当社の理念には、「コマニーに関わるすべての人々を本気で幸福にしたい」という強い想いが込められています。
一、我等の精神は人道と友愛である
一、我等の生活は共存共栄の中に成り立つべきである
一、我等の使命は社会に貢献すべきである
一、我等は知識を高め技術を磨き絶えず前進すべきである
一、我等は余暇を楽しみより豊かで幸福な人生を送るべきである
この社是は単なるスローガンではなく、私たちの行動指針であり、経営の根幹となっています。
その中でも「人道と友愛」という言葉は、最もコマニーらしさを表しているように感じます。「人道とは、成長と貢献によろこびを感じる生き方」のこと。そして「友愛とは、自分も自分以外のすべての人も愛する心」を意味します。この2つの精神をベースに、私たちは持続可能な社会の実現を目指しています。変化の激しい時代だからこそ、誰もが自分らしく社会に参加し、お互いを尊重し合い、共に生きる「共存共栄」の社会が必要だと感じています。そして、それを実現することが私たちの役割だと考えています。

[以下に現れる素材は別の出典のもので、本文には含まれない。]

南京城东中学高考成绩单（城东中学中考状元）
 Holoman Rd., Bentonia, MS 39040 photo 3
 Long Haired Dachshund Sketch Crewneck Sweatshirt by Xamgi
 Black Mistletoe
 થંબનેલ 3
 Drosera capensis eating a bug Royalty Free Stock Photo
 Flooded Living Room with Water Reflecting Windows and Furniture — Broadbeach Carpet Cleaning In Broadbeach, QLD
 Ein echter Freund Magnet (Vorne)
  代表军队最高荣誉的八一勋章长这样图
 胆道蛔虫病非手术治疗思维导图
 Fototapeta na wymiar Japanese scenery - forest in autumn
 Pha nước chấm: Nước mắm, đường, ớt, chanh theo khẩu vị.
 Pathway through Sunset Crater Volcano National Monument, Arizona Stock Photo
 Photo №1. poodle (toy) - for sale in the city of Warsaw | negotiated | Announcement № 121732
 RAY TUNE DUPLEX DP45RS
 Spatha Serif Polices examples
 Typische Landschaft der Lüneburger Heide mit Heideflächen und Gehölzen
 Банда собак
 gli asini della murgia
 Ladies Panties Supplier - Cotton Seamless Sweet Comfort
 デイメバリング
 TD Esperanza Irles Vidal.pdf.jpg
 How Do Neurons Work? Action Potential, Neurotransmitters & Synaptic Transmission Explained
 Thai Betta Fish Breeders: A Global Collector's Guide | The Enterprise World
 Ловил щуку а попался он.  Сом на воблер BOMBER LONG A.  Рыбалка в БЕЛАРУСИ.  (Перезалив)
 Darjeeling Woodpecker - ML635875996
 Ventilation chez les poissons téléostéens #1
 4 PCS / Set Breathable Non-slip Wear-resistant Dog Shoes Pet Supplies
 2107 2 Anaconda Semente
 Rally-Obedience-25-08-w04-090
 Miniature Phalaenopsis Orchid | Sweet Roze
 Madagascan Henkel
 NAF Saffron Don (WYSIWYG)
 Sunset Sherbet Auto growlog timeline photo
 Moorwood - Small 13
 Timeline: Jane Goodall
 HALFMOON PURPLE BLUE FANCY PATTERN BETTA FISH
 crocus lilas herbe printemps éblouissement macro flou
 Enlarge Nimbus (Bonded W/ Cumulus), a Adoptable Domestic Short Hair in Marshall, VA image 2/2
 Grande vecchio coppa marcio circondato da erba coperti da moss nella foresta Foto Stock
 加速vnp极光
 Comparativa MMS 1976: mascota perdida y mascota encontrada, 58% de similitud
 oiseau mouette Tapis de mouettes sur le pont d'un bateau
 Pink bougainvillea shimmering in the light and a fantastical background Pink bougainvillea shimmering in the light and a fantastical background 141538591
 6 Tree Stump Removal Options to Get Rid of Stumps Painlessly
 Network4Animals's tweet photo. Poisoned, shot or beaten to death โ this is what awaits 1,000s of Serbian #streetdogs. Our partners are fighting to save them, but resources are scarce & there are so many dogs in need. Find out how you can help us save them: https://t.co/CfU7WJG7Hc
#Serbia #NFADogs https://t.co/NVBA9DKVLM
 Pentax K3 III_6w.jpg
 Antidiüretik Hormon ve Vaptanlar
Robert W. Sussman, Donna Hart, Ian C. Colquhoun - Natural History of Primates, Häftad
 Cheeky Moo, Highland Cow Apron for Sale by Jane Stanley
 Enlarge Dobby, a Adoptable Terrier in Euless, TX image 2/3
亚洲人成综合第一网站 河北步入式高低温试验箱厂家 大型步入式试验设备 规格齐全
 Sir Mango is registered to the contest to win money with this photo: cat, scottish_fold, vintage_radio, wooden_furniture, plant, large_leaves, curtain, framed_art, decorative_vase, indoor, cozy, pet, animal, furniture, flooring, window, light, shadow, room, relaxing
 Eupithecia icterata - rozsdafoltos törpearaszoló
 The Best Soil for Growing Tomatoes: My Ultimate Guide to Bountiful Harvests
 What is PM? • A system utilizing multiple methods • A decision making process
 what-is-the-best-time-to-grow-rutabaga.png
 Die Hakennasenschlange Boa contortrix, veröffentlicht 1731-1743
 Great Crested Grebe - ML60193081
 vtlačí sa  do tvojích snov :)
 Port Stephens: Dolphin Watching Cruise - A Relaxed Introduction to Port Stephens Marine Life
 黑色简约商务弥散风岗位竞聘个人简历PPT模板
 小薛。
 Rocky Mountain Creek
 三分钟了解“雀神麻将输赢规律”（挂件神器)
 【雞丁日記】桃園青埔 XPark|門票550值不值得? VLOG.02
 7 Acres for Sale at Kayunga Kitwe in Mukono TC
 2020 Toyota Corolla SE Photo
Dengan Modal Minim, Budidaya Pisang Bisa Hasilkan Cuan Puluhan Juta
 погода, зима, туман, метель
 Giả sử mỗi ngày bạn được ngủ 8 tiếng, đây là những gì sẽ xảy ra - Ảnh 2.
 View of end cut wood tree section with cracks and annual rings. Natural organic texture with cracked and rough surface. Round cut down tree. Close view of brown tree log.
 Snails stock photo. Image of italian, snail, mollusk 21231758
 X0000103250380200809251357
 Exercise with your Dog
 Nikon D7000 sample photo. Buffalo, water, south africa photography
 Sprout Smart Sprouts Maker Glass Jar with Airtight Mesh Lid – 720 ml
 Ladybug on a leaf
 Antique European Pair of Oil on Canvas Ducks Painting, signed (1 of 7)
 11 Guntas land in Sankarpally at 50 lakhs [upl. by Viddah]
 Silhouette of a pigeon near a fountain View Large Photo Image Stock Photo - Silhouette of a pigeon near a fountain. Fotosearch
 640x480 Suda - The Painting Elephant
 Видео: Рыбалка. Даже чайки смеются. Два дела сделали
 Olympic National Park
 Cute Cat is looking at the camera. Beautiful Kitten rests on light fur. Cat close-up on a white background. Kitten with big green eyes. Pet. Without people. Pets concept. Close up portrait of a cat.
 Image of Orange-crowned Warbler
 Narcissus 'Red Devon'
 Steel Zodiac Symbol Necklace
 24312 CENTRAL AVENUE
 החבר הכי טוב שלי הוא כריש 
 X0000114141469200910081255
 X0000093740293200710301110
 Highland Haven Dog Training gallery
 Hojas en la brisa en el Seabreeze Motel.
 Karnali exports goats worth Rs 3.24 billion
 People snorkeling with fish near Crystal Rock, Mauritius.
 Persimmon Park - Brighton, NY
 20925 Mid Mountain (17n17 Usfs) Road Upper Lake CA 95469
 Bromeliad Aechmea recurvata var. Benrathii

4 コマニーに関わるすべての人々と「間づくり」で共存共栄を目指す
「Empower all Life」の実現によって、コマニーに関わるすべての人が真に幸福になっていただくために大切にしていることは、「共存共栄、社会に貢献、技術向上、豊かで幸福な人生」を共に歩むパートナーとして、関係性を構築することです。
そのためには従業員をはじめ、お客様、お取引先様、地域社会、地球環境など、すべてのステークホルダーとの関係性、つまりは「間」を大切にしていく必要があります。その「間」を通じて調和のとれた関係性を築き、新たな価値を創造することが、私たちが大切にしている「人道と友愛の精神」だと考えています。
この考え方が浸透しているおかげで、よく社外の皆様からは「コマニーの従業員は人が良い」というお言葉をいただきます。しかし17年前、私が他の会社で勤めた後にコマニーへ入社した時は、今とはまったく違った印象をもっていました。しっかりした理念はあるものの、どこか冷たさを感じる人たちが集まっている会社だな、と感じたのです。
そこで、まず取り組んだのが「コマニー理念」の全面改訂でした。当時の社長であった父や叔父、弟たちと共に約2年をかけて見直しを行い、その中で「経営の理念」を最初に掲げる構成へと変更しました。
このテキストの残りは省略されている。